Por: Fernando Molica

Meu primeiro sobrenome profissional

Michael Keaton em "O jornal", filme de Ron Howard passado numa redação de diário de Nova York | Foto: Divulgação

Meu primeiro sobrenome profissional foi "do Estadão", referência ao jornal O Estado de S.Paulo, que agora faz 150 anos. Explico: diferentemente do que ocorre com a maioria dos profissionais, sobrenome de jornalista não é aquele herdado da família, mas o que marca o local em que trabalha.

Quando telefonamos ou mandamos mensagens para alguém que não nos conhece, acrescentamos ao nosso nome, o do veículo em que estamos. E daí, tome de Fulano do Estadão, da Folha de S. Paulo, da/o Globo, da CBN, do DIA, da CNN, da Veja - já usei todos esses sobrenomes; há um ano e meio que, depois do Molica, vem a expressão "do Correio da Manhã".

Era comum até que, numa roda de jornalistas, fôssemos apresentados com nosso sobrenome profissional. Chega a ser engraçado, algo que não se repete em outras carreiras. A não ser em casos muito específicos, médicos não costumam se apresentar declinando os nomes dos hospitais ou clínicas em que trabalham. O mesmo vale para engenheiros, pedreiros, motoristas de ônibus.

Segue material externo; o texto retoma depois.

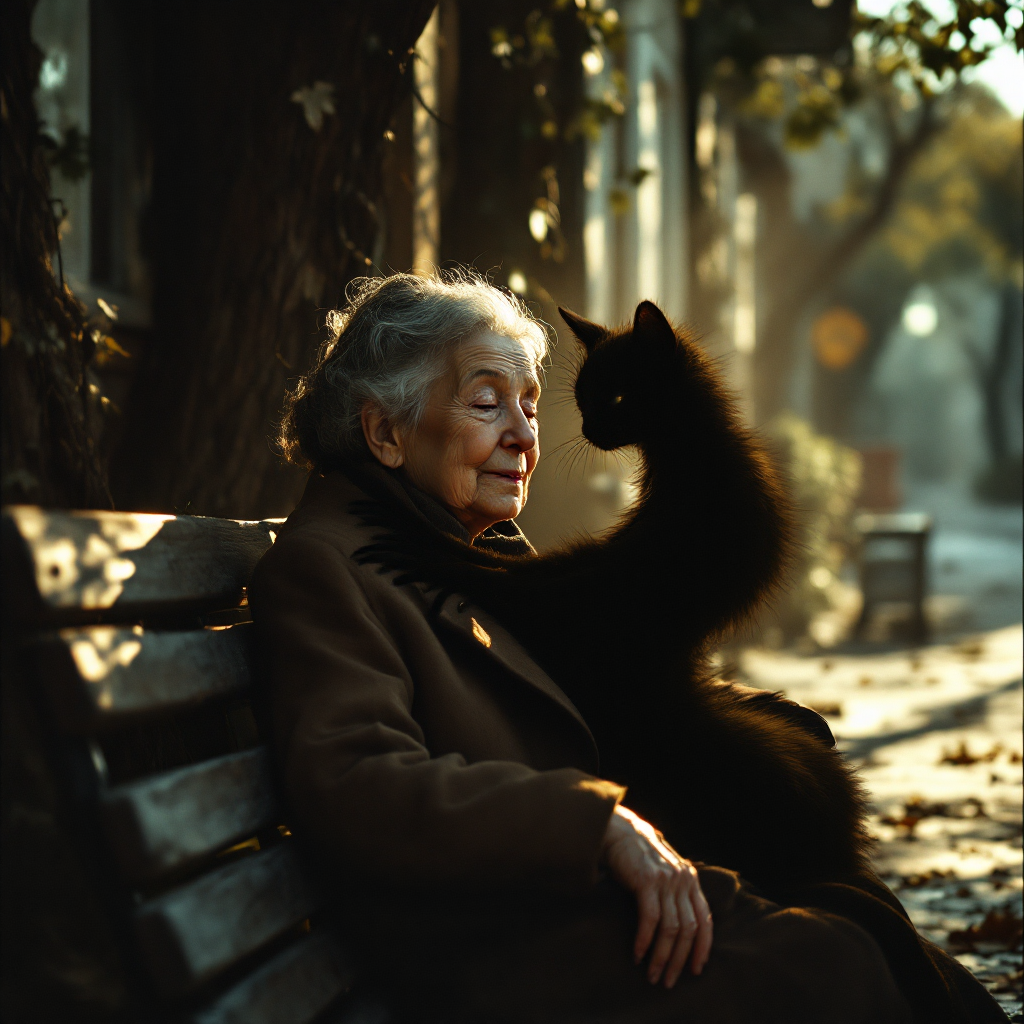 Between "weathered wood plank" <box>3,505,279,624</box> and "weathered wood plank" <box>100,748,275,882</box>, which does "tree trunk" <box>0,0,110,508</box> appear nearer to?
"weathered wood plank" <box>3,505,279,624</box>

Esta característica que nos faz incorporar o nome do veículo tem muito a ver com a necessidade de legitimação e de identificaçao do profissional, principalmente repórteres, aqueles chatos (sou um deles) que ligamos para pessoas que não nos conhecem e começamos a lhes fazer perguntas, algumas, bem constrangedoras: "Segundo a polícia, o senhor desviou 20 milhões de reais, isso é verdade?"

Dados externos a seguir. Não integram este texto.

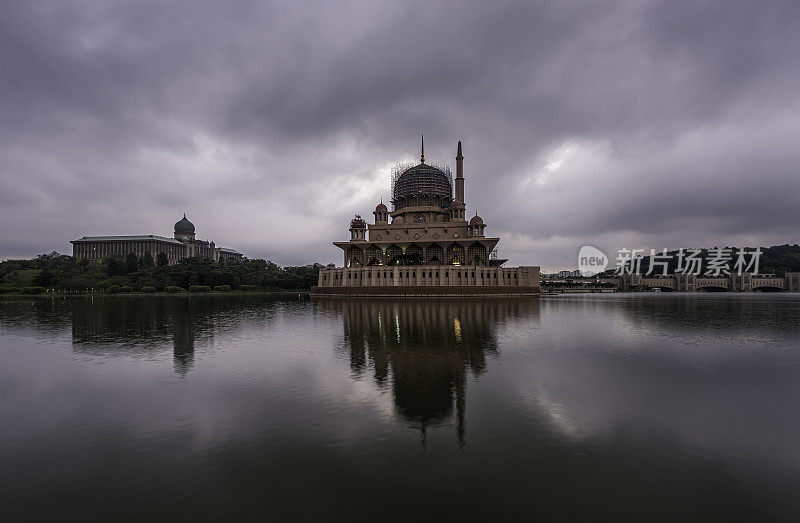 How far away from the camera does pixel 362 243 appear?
272ft

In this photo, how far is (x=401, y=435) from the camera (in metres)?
8.66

Nessas horas, é importante citar o nome do veículo, até para ao menos ampliar o leque de mães que serão xingadas pelo sujeito alvo de nossas ligações. O respaldo que nos é dado pelos jornais, sites, emissoras de rádio ou de TV também é fundamental para nossa proteção. Saber que enfrenta uma empresa/instituição e não apenas com uma pessoa física ajuda a diminuir a possibilidade do suspeito partir pra briga. 

Por mais pomposos que sejam esses sobrenomes, é preciso ter cuidado para que não achemos que eles são nossos, estão conosco apenas durante o período de trabalho para um determinado veículo. Nossa importância é sempre relativa, costuma estar ligada ao exercício profissional.

Não são poucos os casos de jornalistas que ficaram meio tontos ao descobrirem que deixaram de receber elogios e rapapés assim que saíram de determinado trabalho. O poder não tem coração, sabe a quem dirigir seus carinhos - e é bom que seja assim: com repeito, e sem amor.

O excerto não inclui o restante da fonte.